How choose audio fingerprint algorithm to create a cooperative music database?

1.5k Views Asked by At

I need to create a cooperative music identification service. Every user will have an option to fingerprint a song and send it to the server with its meta information. At the beginning the service database will be empty and every time a music fingerprint will be received meta data for the song will be updated (the server will assign meta data to a finger print based on majority choise if different user will send different information for the same fingerprint).

I need to calculate a fingerprint for the whole song, I do not need to identify a song from just a fraction.

The fingerprint should not be 100% accurate. I will be happy if two song file will receive the same fingerprint just if the same file is encoded with different compression rate.

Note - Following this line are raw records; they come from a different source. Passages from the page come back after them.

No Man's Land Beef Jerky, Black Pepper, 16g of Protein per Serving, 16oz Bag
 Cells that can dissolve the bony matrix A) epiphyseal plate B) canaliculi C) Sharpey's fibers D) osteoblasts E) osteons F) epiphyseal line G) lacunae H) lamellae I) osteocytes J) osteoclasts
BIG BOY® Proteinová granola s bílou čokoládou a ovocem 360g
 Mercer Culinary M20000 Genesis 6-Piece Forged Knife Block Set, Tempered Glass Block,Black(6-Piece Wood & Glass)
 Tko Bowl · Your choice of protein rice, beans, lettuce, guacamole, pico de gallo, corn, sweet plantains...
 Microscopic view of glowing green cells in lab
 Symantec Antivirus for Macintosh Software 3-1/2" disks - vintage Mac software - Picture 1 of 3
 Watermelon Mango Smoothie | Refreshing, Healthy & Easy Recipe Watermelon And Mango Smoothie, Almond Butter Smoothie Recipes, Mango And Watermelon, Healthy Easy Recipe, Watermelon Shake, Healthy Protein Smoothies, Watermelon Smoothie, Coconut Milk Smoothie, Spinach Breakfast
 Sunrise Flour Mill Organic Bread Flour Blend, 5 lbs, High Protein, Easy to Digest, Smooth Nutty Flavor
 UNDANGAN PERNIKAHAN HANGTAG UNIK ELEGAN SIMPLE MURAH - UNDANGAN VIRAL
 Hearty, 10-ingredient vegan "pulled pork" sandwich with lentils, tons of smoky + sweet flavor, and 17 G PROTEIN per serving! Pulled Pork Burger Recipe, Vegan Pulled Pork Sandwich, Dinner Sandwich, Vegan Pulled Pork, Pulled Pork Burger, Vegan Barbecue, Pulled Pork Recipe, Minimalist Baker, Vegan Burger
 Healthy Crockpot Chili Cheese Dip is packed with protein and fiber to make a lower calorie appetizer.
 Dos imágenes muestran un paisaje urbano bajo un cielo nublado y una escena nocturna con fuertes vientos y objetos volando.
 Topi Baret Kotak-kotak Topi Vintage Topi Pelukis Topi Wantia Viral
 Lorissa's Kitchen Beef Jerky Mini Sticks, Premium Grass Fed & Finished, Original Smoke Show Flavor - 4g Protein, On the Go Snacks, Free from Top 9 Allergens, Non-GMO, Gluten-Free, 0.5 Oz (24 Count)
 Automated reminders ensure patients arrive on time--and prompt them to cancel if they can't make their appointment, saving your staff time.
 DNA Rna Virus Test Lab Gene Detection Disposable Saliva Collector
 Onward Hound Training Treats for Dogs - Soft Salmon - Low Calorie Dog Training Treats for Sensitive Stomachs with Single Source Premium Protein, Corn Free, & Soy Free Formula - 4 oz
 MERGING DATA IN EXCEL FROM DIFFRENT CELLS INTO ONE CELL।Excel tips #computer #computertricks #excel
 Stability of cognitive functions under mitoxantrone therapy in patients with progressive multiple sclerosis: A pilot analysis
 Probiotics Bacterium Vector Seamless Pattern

A low level of noise independence will be a plus.

Silence at the begining or the end of the song will be not a problem, I should remove them using standard silence suppression algorithm (and also in this case a do not need very precise result).

I know there are some opensource library like: http://echoprint.me/ and https://acoustid.org/ but these libraries are excessive for my needs, because if I understood correctly they can identify a song from just a part, and this will create a heavy database. I need an algorithm that will give me a not too heavy (some kb) fingerprint for the whole song.

Which is the simplest and fastest algorithm I can use?

Thanks to all

1

There are 1 best solutions below

0
Gfy On

I suggest you use the AcoustID project. Your description matches this project on a lot of points. Only some of their approaches are different from what you suggest.

Can the service identify short audio snippets?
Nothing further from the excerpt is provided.